Stuart Honky Tonks In Honky Tonk Club

House of Blues, Cambridge, MA on March 20, 1997


This appeared in Country Standard Time - March 20, 1997

The conditions may have just about been ideal for seeing Marty Stuart. A honky tonker in a honky tonk bar, the House of Blues, known far more for its blues music than country. And Stuart showed that the setting was just right before a crowd of about 150 people in a special WKLB-sponsored show.

This was Stuart up close and personal. No Travis Tritt around. No big stage act like when he toured the sheds last summer. Just Stuart and his band of four in a cramped stage churning out their swampy form of country with bluegrass and rock thrown into the potpourri.

Stuart started off with a strong version of Merle Haggard's "Swingin' Doors," with its appropriate references to "honky tonks and barstool." "The only thing we came up here was to do some honky tonking here in Boston tonight," Stuart told the converted. With that, Stuart, playing acoustic guitar, lit into a new, unrecorded song, "Coming Down," a possibility for Stuart's next album. It was good to see Stuart not just relying on the tried and true.

Later in the evening, for example, he would play "Long Black Veil," which he learned from ex-father-in-law Johnny Cash. The two played on Leno a few nights ago. The hits--"Tempted," his recent single "You Can't Stop Love," "Honky Tonkin's What I Do Best," "This One's Gonna Hurt You (For a Long Long Time," and probably the best of the lot, "Burn Me Down"--were all on the evening's menu, but Stuart mixed it up (the bluesy sounding "High On A Mountain Top") without becoming a human jukebox.

Stuart, dressed in black leather pants, jacket and shirt, is an able front man with his good looks and easy-going personality. And he's a stellar musician as well, whether on guitar or mandolin, which he played during an encore song emphasizing his bluegrass roots.

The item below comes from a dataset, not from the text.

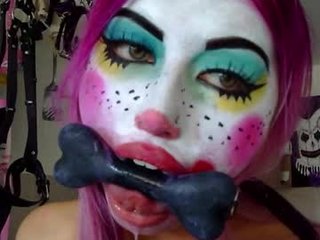 gabygumms teen cam girl plays with her tight pussy with ohmibod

Stuart remembered his first time in Boston was playing at a now-defunct club a stone's throw away with Lester Flatt. Stuart is capable enough when it comes to singing, although he sounded thin at times. "The Whiskey Ain't Workin" sounded a bit too off-handed with not enough musical oomph but at least, like most songs, Stuart did not mimic the recorded version.

Stuart's backing Rock and Roll Cowboy band also knows how to play, led by stellar guitarist Brad Davis, Gary Hogue on pedal steel also was a standout throughout. They weren't quite as smoking as when they hit Great Woods last summer, but they were still on target. One wished for more of Stuart than his 70 minutes. In fact, a few songs before ending it, Stuart pledged to "stay all night if you want us to. We've got nothing to do." Well, we've heard that oft-used line before, and Stuart once again proved it to be untrue.

Of course, if the honky tonker stuck to his word, that would have been just fine.